From 228ada04b5e551939da8019d7d43a32dbbd7ca36 Mon Sep 17 00:00:00 2001
From: erogol <erogol@hotmail.com>
Date: Tue, 5 Jan 2021 14:21:12 +0100
Subject: [PATCH] update glow-tts ljspeech config

---
 ..._tts_tdsep.json => glow_tts_ljspeech.json} | 20 +++++++++++++++----
 1 file changed, 16 insertions(+), 4 deletions(-)
 rename TTS/tts/configs/{glow_tts_tdsep.json => glow_tts_ljspeech.json} (90%)

diff --git a/TTS/tts/configs/glow_tts_tdsep.json b/TTS/tts/configs/glow_tts_ljspeech.json
similarity index 90%
rename from TTS/tts/configs/glow_tts_tdsep.json
rename to TTS/tts/configs/glow_tts_ljspeech.json
index 72eb3da7..636d9313 100644
--- a/TTS/tts/configs/glow_tts_tdsep.json
+++ b/TTS/tts/configs/glow_tts_ljspeech.json
@@ -31,12 +31,12 @@
             "spec_gain": 1.0,         // scaler value appplied after log transform of spectrogram.00
 
             // Normalization parameters
-            "signal_norm": true,    // normalize spec values.

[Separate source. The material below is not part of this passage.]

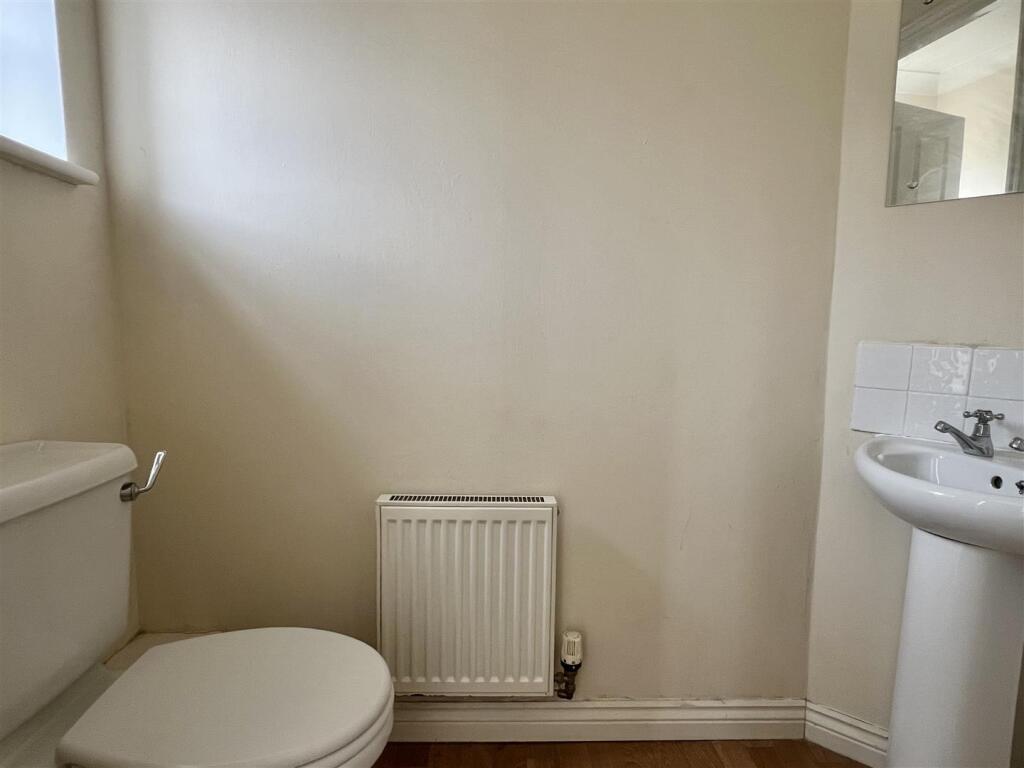 Cloakroom/WC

Mean-Var normalization if 'stats_path' is defined otherwise range normalization defined by the other params.
+            "signal_norm": false,   // normalize spec values. Mean-Var normalization if 'stats_path' is defined otherwise range normalization defined by the other params.
             "min_level_db": -100,   // lower bound for normalization
             "symmetric_norm": true, // move normalization to range [-1, 1]
             "max_norm": 1.0,        // scale normalization to range [-max_norm, max_norm] or [0, max_norm]
             "clip_norm": true,      // clip normalized values into the range.
-            "stats_path": "/home/erogol/Data/LJSpeech-1.1/scale_stats.npy"    // DO NOT USE WITH MULTI_SPEAKER MODEL. scaler stats file computed by 'compute_statistics.py'. If it is defined, mean-std based notmalization is used and other normalization params are ignored
+            "stats_path": null    // DO NOT USE WITH MULTI_SPEAKER MODEL. scaler stats file computed by 'compute_statistics.py'. If it is defined, mean-std based notmalization is used and other normalization params are ignored
         },
 
         // VOCABULARY PARAMETERS
@@ -63,6 +63,19 @@
 
         // MODEL PARAMETERS
         // "use_mas": false,       // use Monotonic Alignment Search if true. Otherwise use pre-computed attention alignments.
+        "hidden_channels_encoder": 192,
+        "hidden_channels_decoder": 192,
+        "hidden_channels_duration_predictor": 256,
+        "use_encoder_prenet": true,
+        "encoder_type": "rel_pos_transformer",
+        "encoder_params": {
+            "kernel_size":3,
+            "dropout_p": 0.1,
+            "num_layers": 6,
+            "num_heads": 2,
+            "hidden_channels_ffn": 768,
+            "input_length": null
+        },
 
         // TRAINING
         "batch_size": 32,       // Batch size for training. Lower values than 32 might cause hard to learn attention. It is overwritten by 'gradual_training'.
@@ -86,8 +99,6 @@
         "warmup_steps": 4000,          // Noam decay steps to increase the learning rate from 0 to "lr"
         "seq_len_norm": false,         // Normalize eash sample loss with its length to alleviate imbalanced datasets. Use it if your dataset is small or has skewed distribution of sequence lengths.
 
-        "encoder_type": "residual_conv_bn",
-
         // TENSORBOARD and LOGGING
         "print_step": 25,       // Number of steps to log training on console.
         "tb_plot_step": 100,    // Number of steps to plot TB training figures.
@@ -105,6 +116,7 @@
         "min_seq_len": 3,       // DATASET-RELATED: minimum text length to use in training
         "max_seq_len": 500,     // DATASET-RELATED: maximum text length
         "compute_f0": false,     // compute f0 values in data-loader
+        "use_noise_augment": true,  //add a random noise to audio signal for augmentation at training .
         "compute_input_seq_cache": true,
 
         // PATHS